From societies living together yet drowning in hatred and despair emerge two souls who see the truth in the wisdom of their prophets: “Feed the hungry and greet with words of peace those you know and those you do not know” and “the work of righteousness shall be peace”. Basman Derawi (Gaza/Egypt) and Michal Rubin (Israel/US) write for a true “Never again” “Not in my name”, for a child not to have “Genocide” in his/her dictionary, for living colonization free, occupation free, for no more selective humanity, for justice which is the only road to real peace.


This is a book of searching and finding, through fear and pain, their shared humanity, love of the land, and its people, and decide, in their unique way through poetry, to co-create the yet unfertilized seed of a new reality.


As Rubin writes:

When I hear you say

“I am from Gaza”

I think I must paint the screams I don’t hear

and that there isn’t enough love

nor enough red paint

and what color to use

for the silence

between cries


And Derawi responds:

When I hear you say,

“I am from Israel”

and you unzip your chest,

handing me your heart.

Same hearts, same humanity.

I breathe again, I almost cry.


The poems in this collection are a precious example of a careful and thoughtful paradigm shift, creating a path to a world of justice, trust, caring, love, and safety between “enemies”.


About the Authors

Basman Aldirawi (also published as Basman Derawi) is a Palestinian writer and poet. He used to live in Gaza (Basman was in Egypt for advanced Musculoskeletal physiotherapy training course when October 7th events took place and kind of stuck there and he is staying in Egypt now).  He works as a physiotherapist in the Ministry of Health in Gaza. In 2018, he joined the Gaza Poets Society, the first spoken word community in Gaza Strip. He has contributed dozens of stories and poems to many online platforms (We are not numbers, Gaza poet society, Vivamost, Mondoweiss and ArabLit). He is a contributing author in We Are Not Numbers, published in Germany in 2019. On behalf of that book, Basman took part in a promotional tour throughout Germany and Switzerland in the same year. He also contributed to an Arabic poetry anthology, Gaza: Land of Poetry, in 2021, and the English anthology, Light in Gaza: Writing Born in Fire, published in 2022. 

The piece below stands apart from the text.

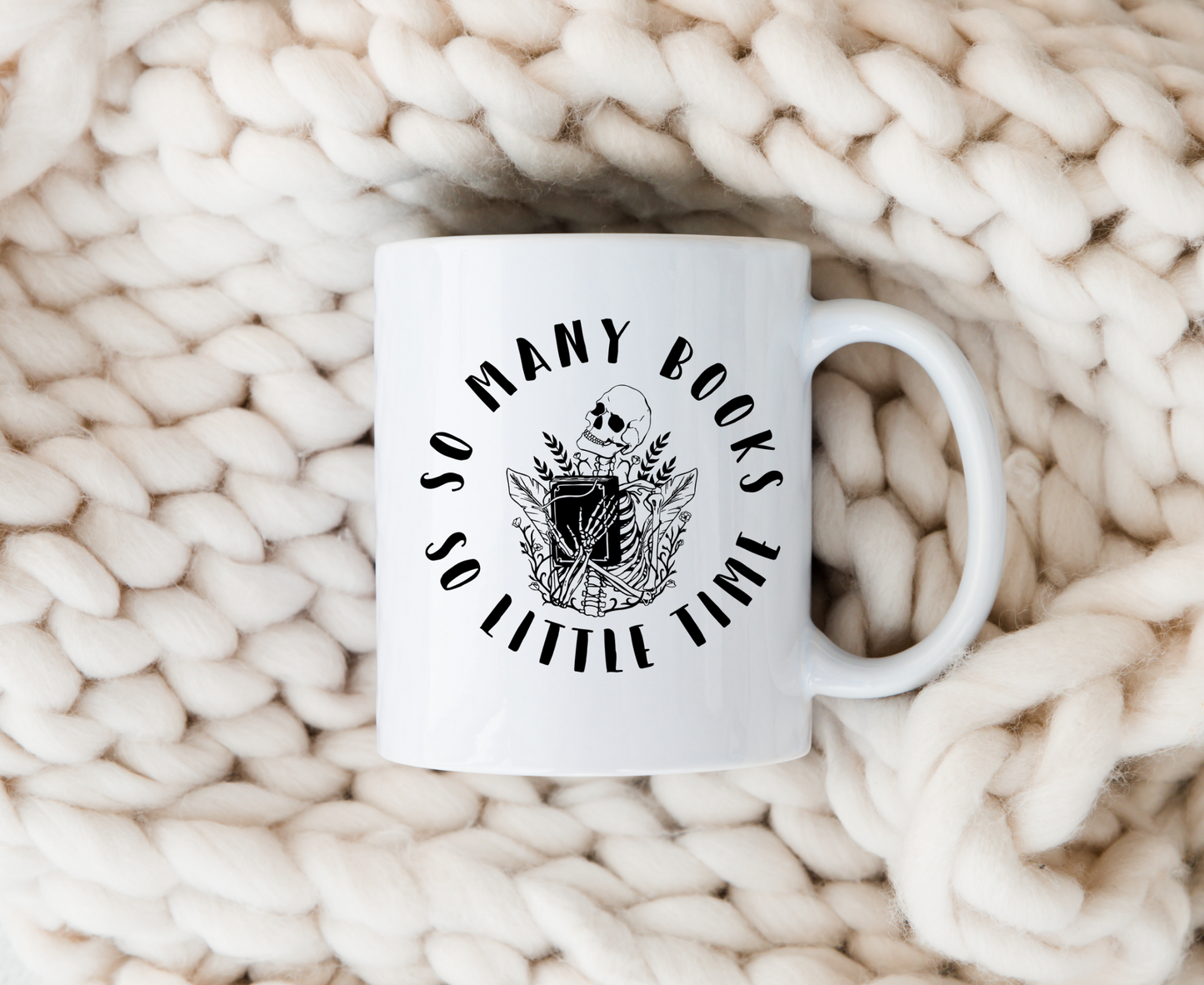 So Many Books So Little Time Skeleton Book Mug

Michal Rubin was born and raised in Israel and has been living in Columbia, SC for the past 34 years. She is a Psychotherapist, a Cantor and a poet. In her writing she wrestles with the moral dilemmas of the Israeli occupation, and of the continuous war in Gaza, and its devastating impact. She lives with the complexity of having grandparents who were murdered in the Holocaust, and being a member of a nation that continues the oppression and killing of the other. In her most recent work she engages with Palestinian poetry and Palestinian poets, her way of joining the struggle to stop the war, and work towards reaching a just peace. Her poetry was published in numerous journals, and she is the author of a chapbook, Home Visit (Cathexis Northwest Press),  and two manuscripts, there are days that I am dead (Fomite Press) and And the bones stay dry (Muddy Ford Press).